Washington, D.C. – Today, Congresswoman Elise Stefanik’s (R-NY-21) announced that her legislation – H.R. 2482, the Federal Perkins Loan Extension Act of 2017, picked up its 52nd cosponsor. The bipartisan legislation extends the Federal Perkins Loan Program for a period of two years. The Federal Perkins Loan Program is a popular and effective financial aid program currently utilized by over 500,000 students nationwide.

“Perkins Loans are an important resource for low income families in our district who are pursuing their higher education dreams,” said Congresswoman Stefanik. “I am pleased that this legislation continues to gain momentum, and I will continue to work with my colleagues to ensure this legislation gets brought up for a vote.”

Perkins Loan Background:

H.R.2482 - Federal Perkins Loan Program Extension Act of 2017

Absent Congressional action, the Perkins Loan program will expire at the end of September leaving around 500,000 students without access to important financial aid.
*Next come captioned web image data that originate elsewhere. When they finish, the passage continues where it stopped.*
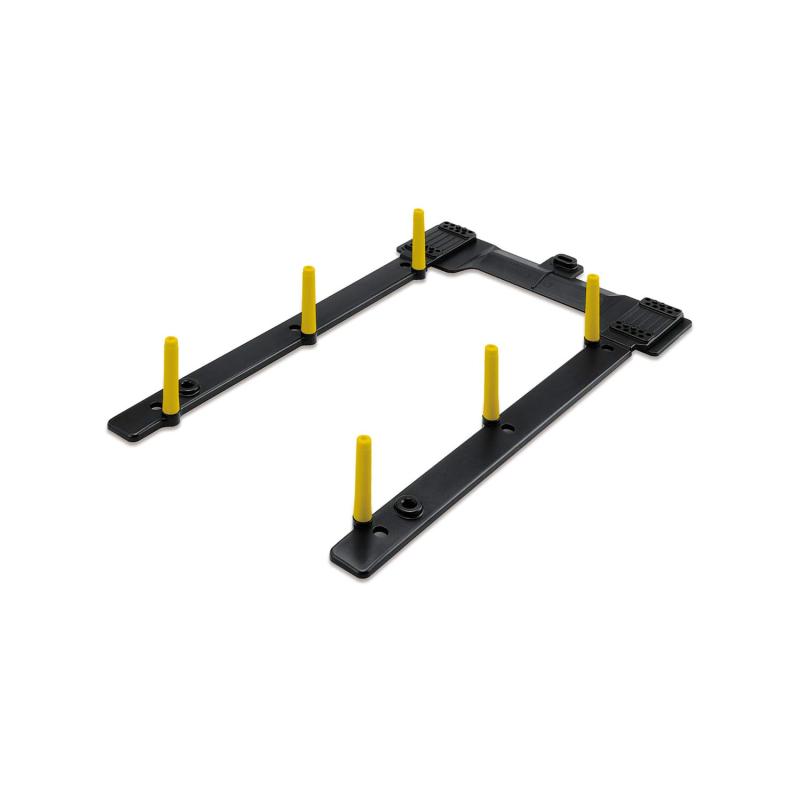 Tabata(タバタ) ゴルフ 練習器具 パター 練習用品 パッティング練習 ストローク・ナビ GV0187置くだけでパッティングトレーニングブレないストロークを身につけるパッティング練習用品6本のガイドが正しい軌道をナビゲートまっすぐ引いてまっすぐ打ち出すをマスター持ち運びに便利なメッシュポーチ付き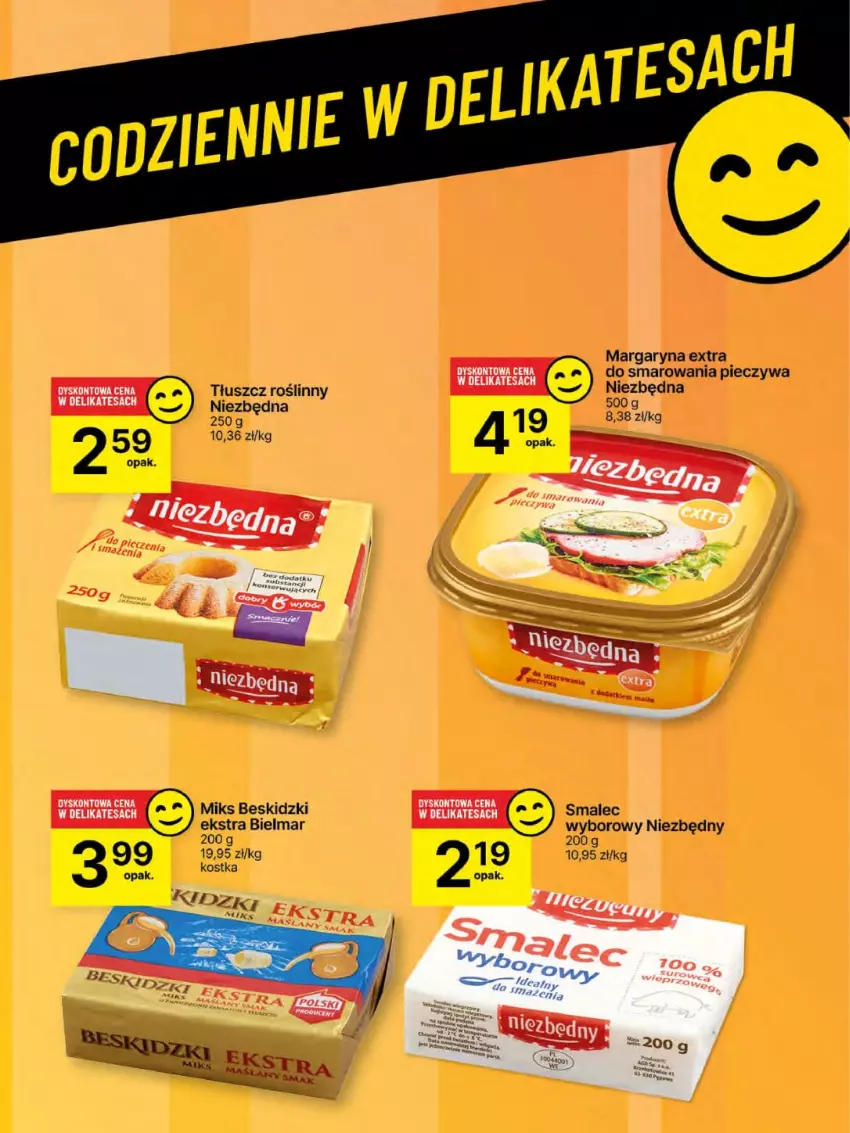 Gazetka promocyjna Delikatesy Centrum - Franczyza DC21 Czwartek - ważna 22.05 do 28.05.2025 - strona 47 - produkty: Beskidzki, Margaryna, Piec, Smalec, Tłuszcz roślinny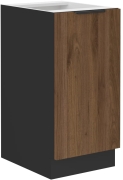 Przejdź do produktu Szafka kuchenna dolna 40 D 1F BB orzech okapi/czarny mat MONZANA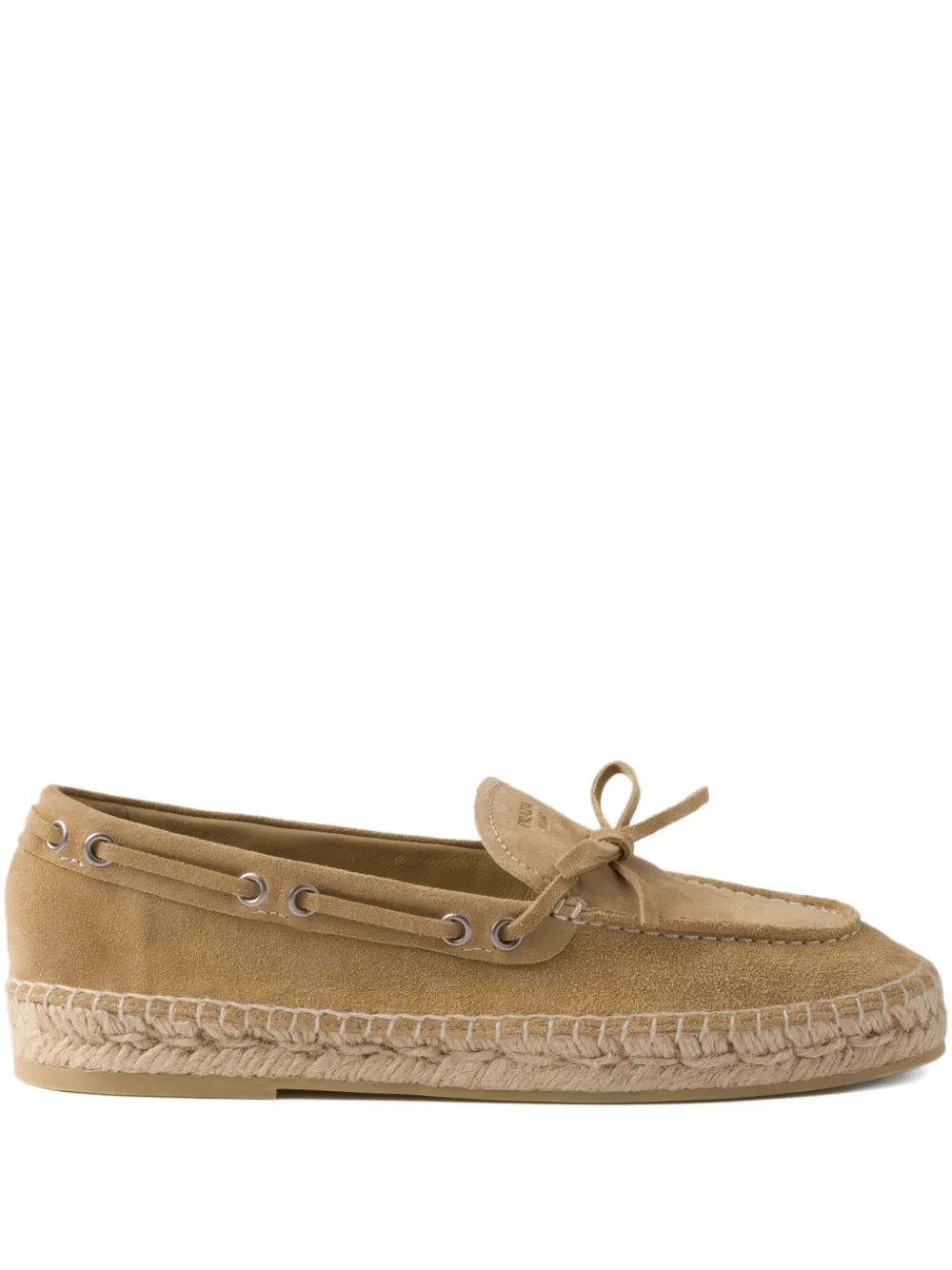 Prada Suède loafers Beige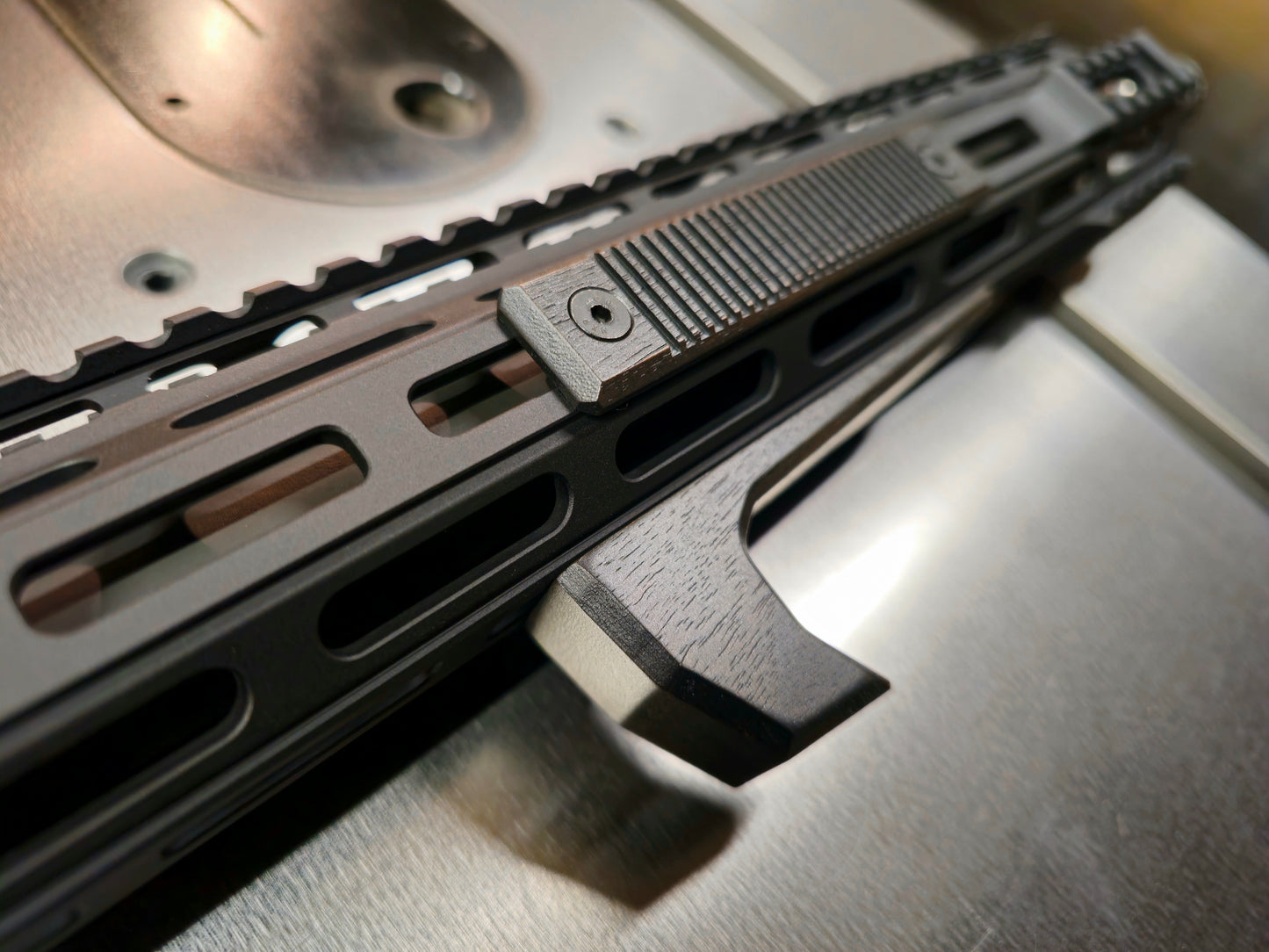 Walnut Angled Foregrip- M-lok, Long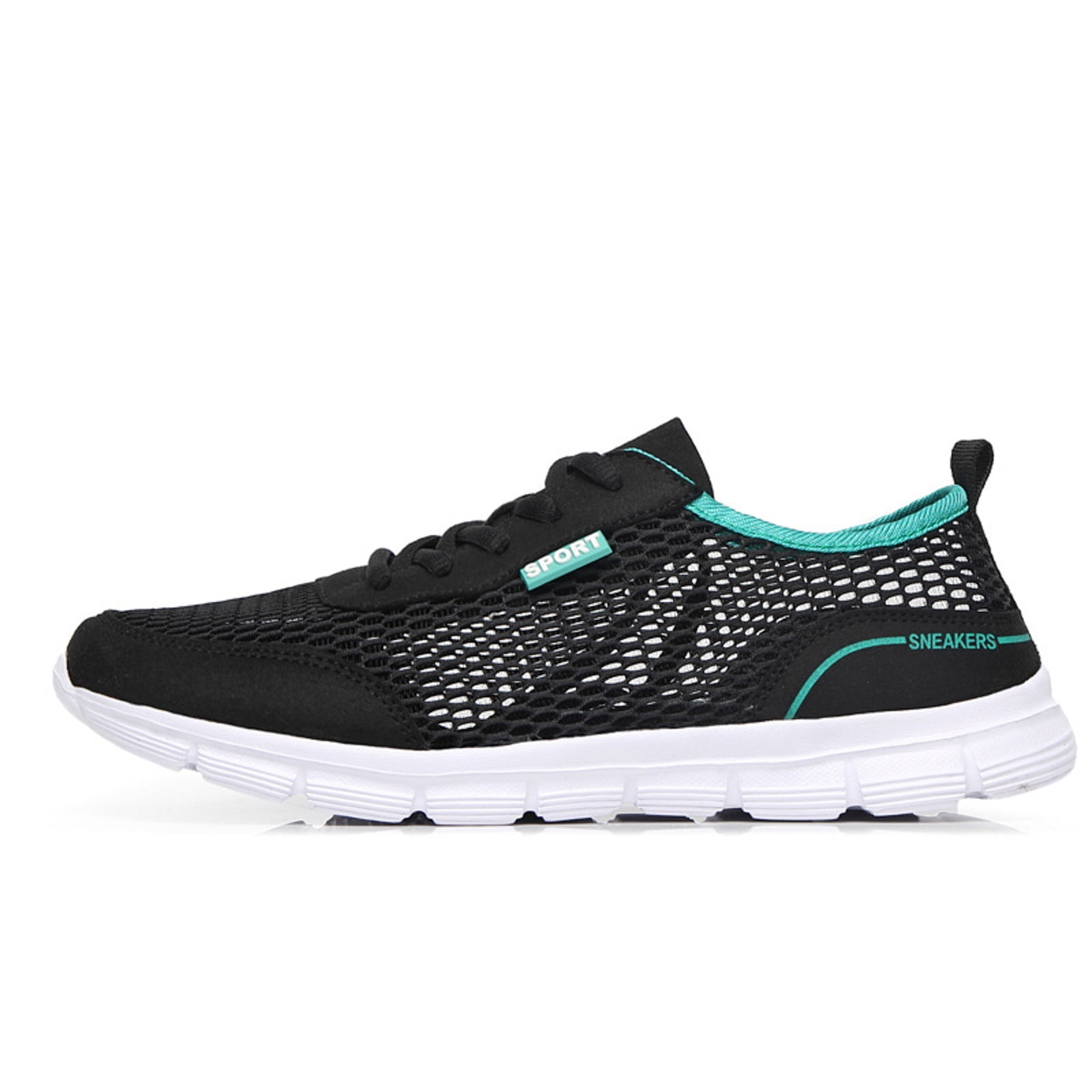 Men\'s Tennis Sneakers Athletic Shoes Lace-Up Low Top Synthetic Mesh Breathable Mesh Walking Tennis Shoes for Men Breathable Lightweight  main image 4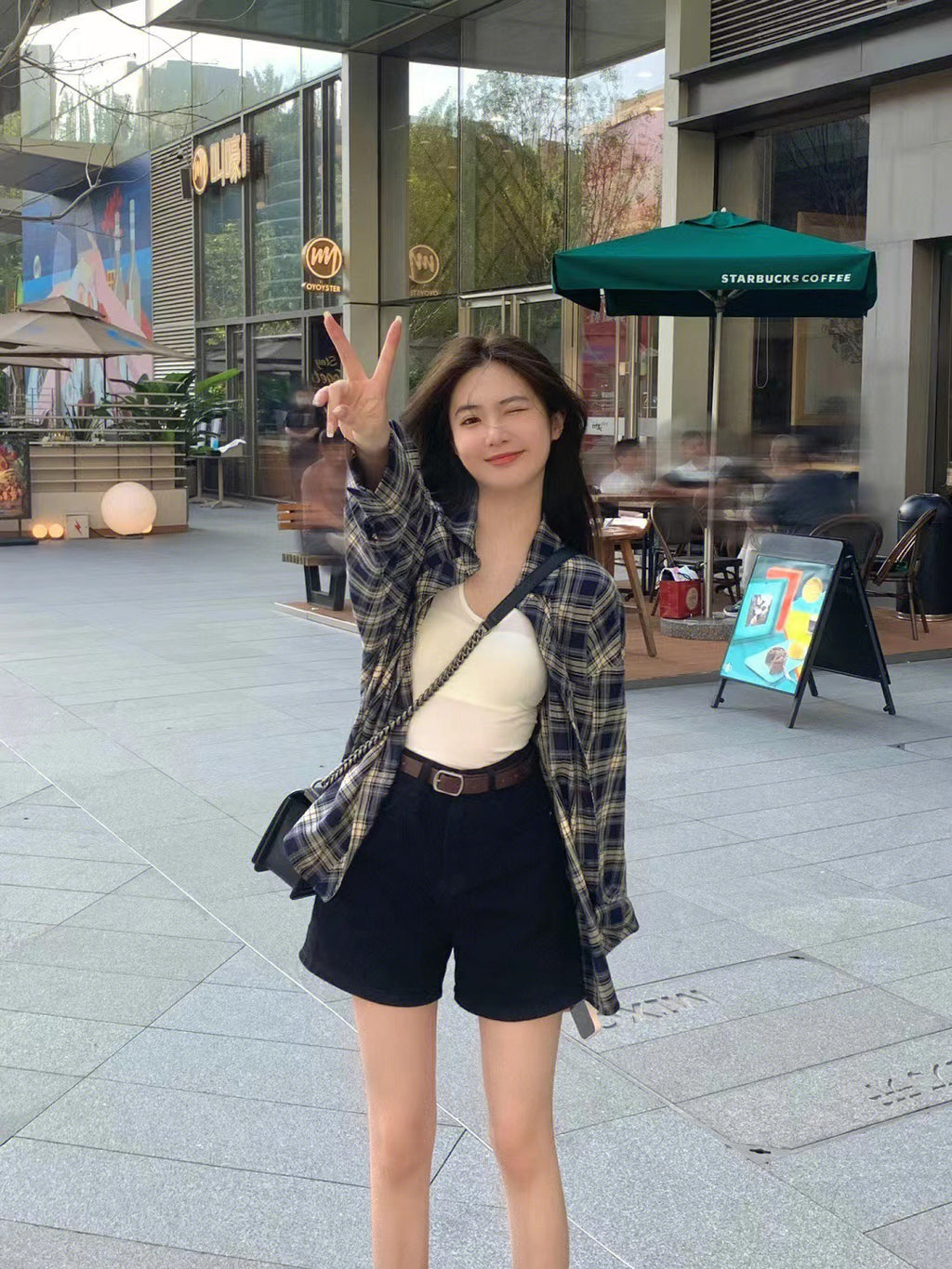 Women's Retro Plaid Sweet Thin Sun Protection Cardigan Coat Shirt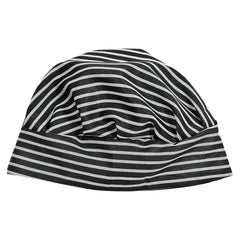Kuber Industries Linning Design Cotton Chef Cap/Hat for Cooking, Baking, Party Favors, Home Kitchen, Restaurant (Black)-50KM01036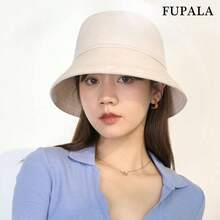 Bucket Hat, Sombrero Pescador Algodn Gorra Pescador Plegable Cubo Bucket Hat para el Sol Estilo Cubeta para Hombres y Mujeres Sombreros de Verano Al Aire Libre para Senderismo, Camping, Playa, Pesca - Beis - Ver 5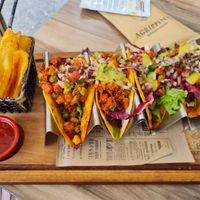 Vegan taco at Agrippina Street Food in Pula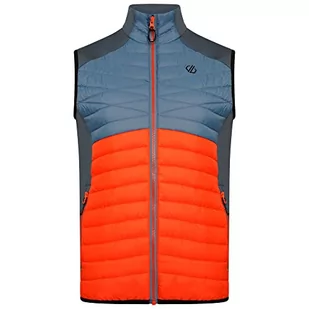 Dare2b Męska kurtka MountaineerIIVest Stellar Blue/Burnt Salmon/Orion Grey, XS - Kurtki męskie - miniaturka - grafika 1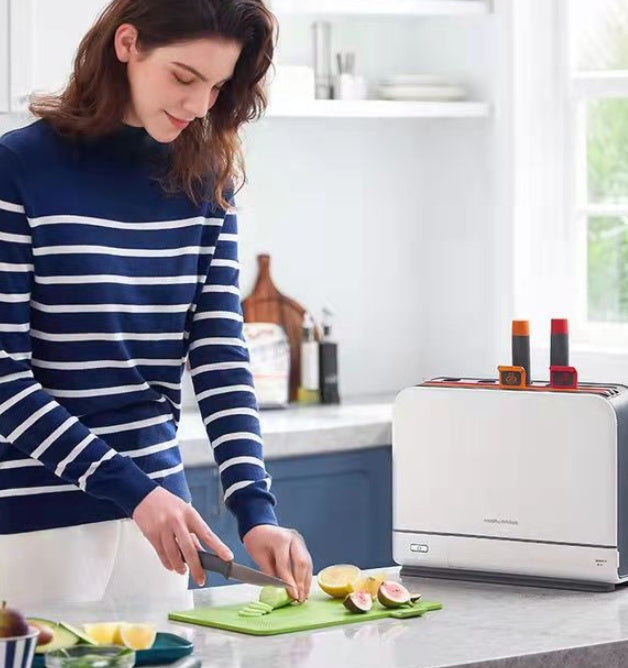 UV Sanitizing Cutting Board & Knife Set - Hygienic Kitchen System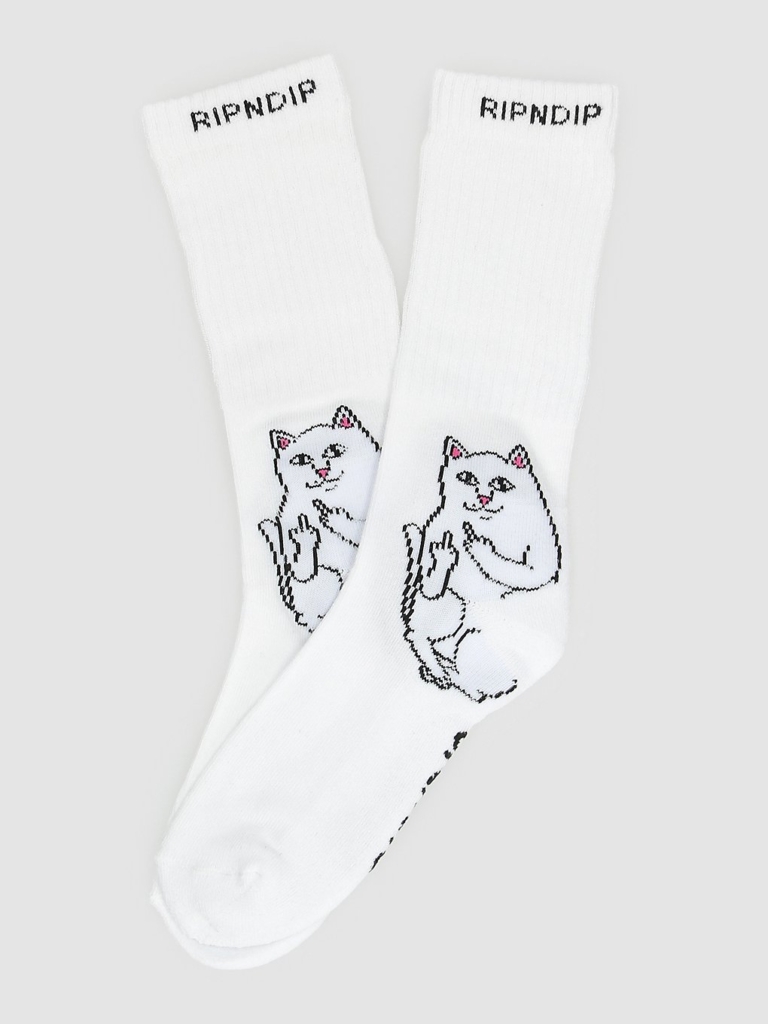 RIPNDIP Lord Nermal Socks Socks Wit
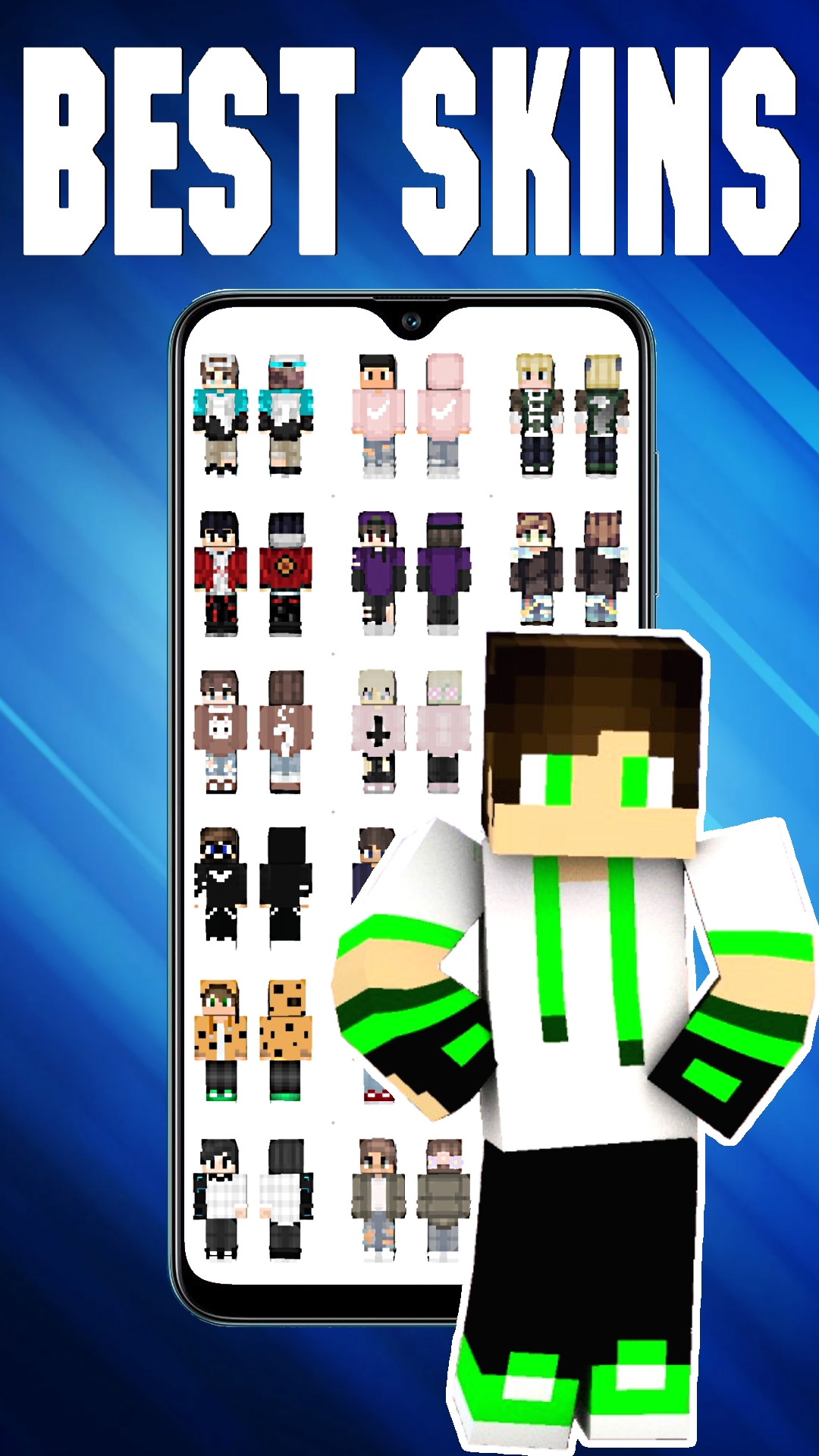 اسکرین شات 1 برنامه Boys skins for Minecraft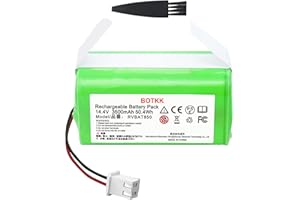 BOTKK Upgraded 3500mAh RVBAT850 Battery Replacement for Shark Vacuum, Suitable for Rvbat850 Shark Ion Battery R75, RV761, RV850C, RV1000S, RV1100VL, RV101AE, UR1000SR, RV700_N, RV720_N (2-Prong)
Perkins Loans borrowers are predominantly from lower income families and are often the first in their family to attend college. Unlike many other student loan programs, Perkins is administered directly by colleges and universities who originate the loans, counsel their students through repayment, and select contractors for servicing and collection.

Colleges and Universities tailor the program to best fit borrowers’ and institutions’ situations. Perkins is a risk-sharing program with institutions contributing one-third of their students’ awards. This “ownership interest” also contributes to the successful management of this vital program.

  • 67% of Perkins borrowers are dependent students, 34% of whom are from families with household incomes of less than $30,000.
  • 20% of Perkins borrowers are independent students, 70% of whom have personal incomes of less than $20,000.

The Perkins Loan program is scheduled to expire on September 30, 2017 if Congress does not act to reauthorize this program. If the Perkins Loan is eliminated, around 500,000 students across the country will not be able to access much-needed financial aid.